REQUIRED WORK
Every line from the line containing "vidaXL 7-delige Loungeset" through the end of the data is to be reproduced exactly, excluding pictures.

GIVEN INFORMATION
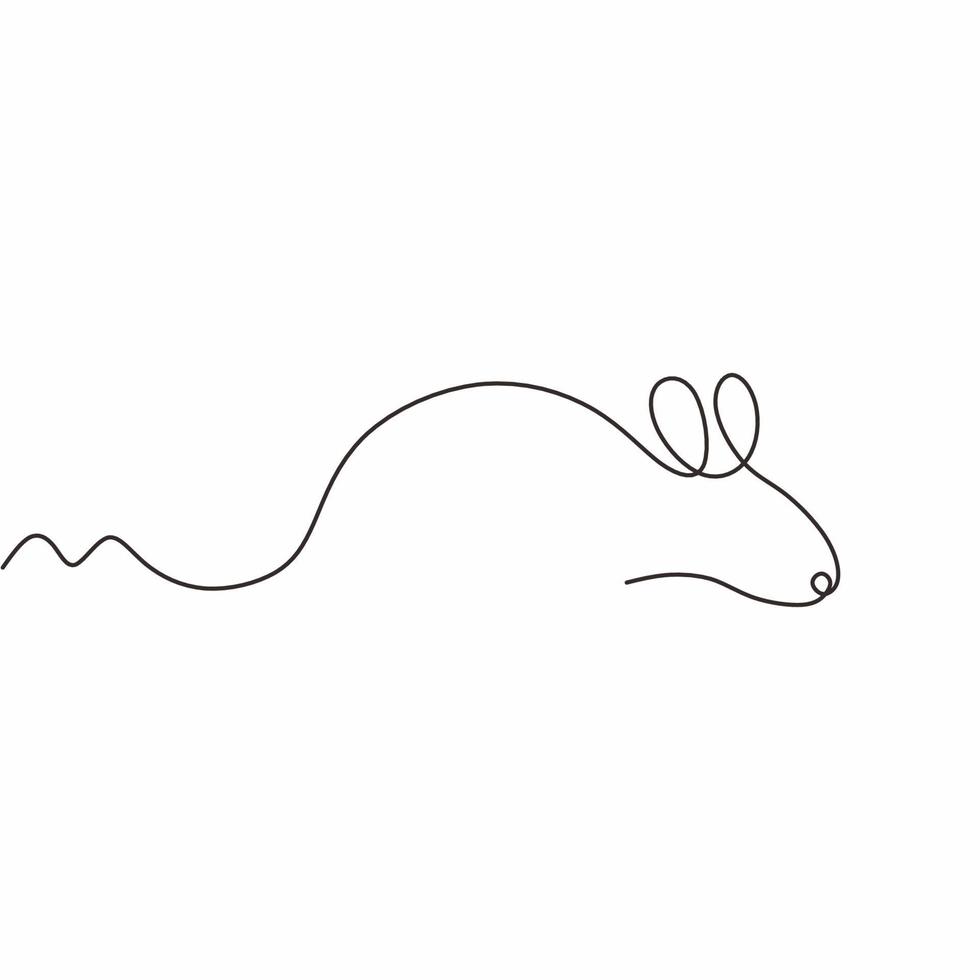 One line drawing of mouse pet or rat animal. Continuous single drawn. vector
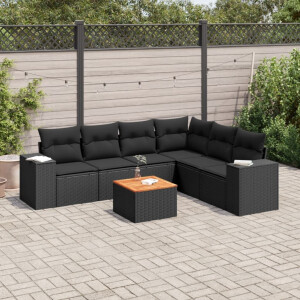 vidaXL 7-delige Loungeset met kussens poly rattan zwart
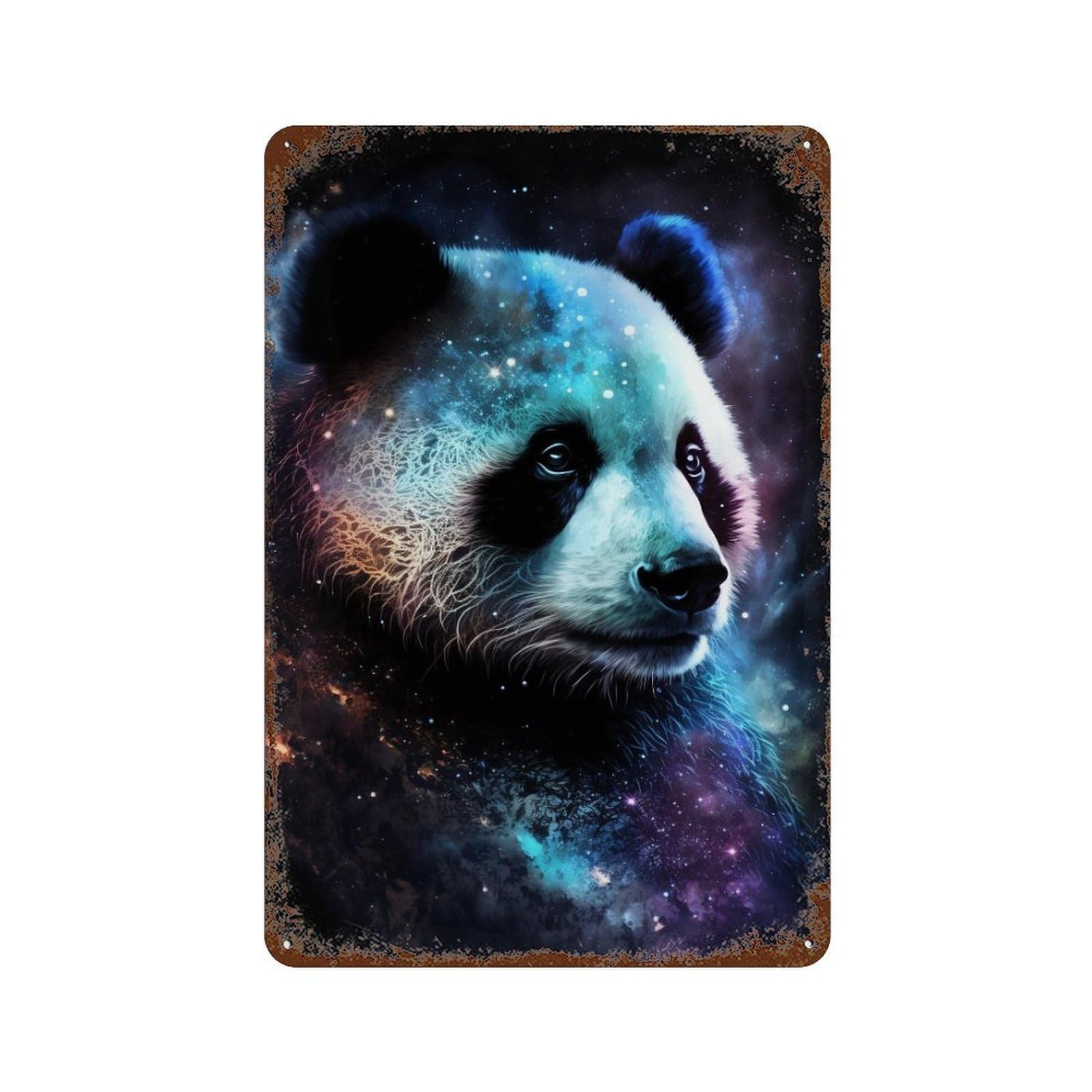 Cosmic Panda Wall Art Print-1 11.8"x7.9" Rust Effect Tin Sign, Old School Wall Decor for Pub, Kitchen And Man Cave Decor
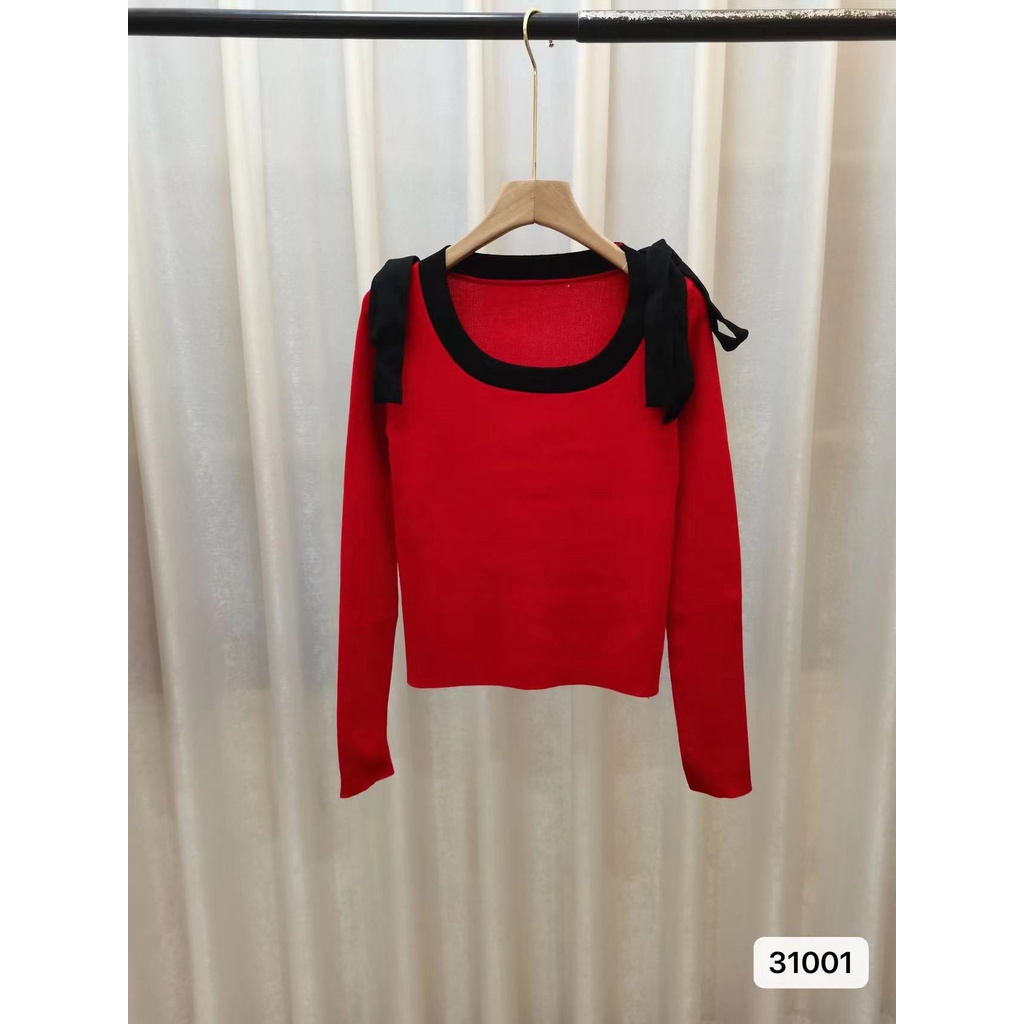 Regina Blouse Ribbon Knit - Sweater Blouse Rajut - Atasan Wanita Import TM (31001)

EXERCISE RESPONSE
 vidaXL 7-delige Loungeset met kussens poly rattan zwart
 Cosmic Panda Wall Art Print-1 11.8"x7.9" Rust Effect Tin Sign, Old School Wall Decor for Pub, Kitchen And Man Cave Decor
 Regina Blouse Ribbon Knit - Sweater Blouse Rajut - Atasan Wanita Import TM (31001)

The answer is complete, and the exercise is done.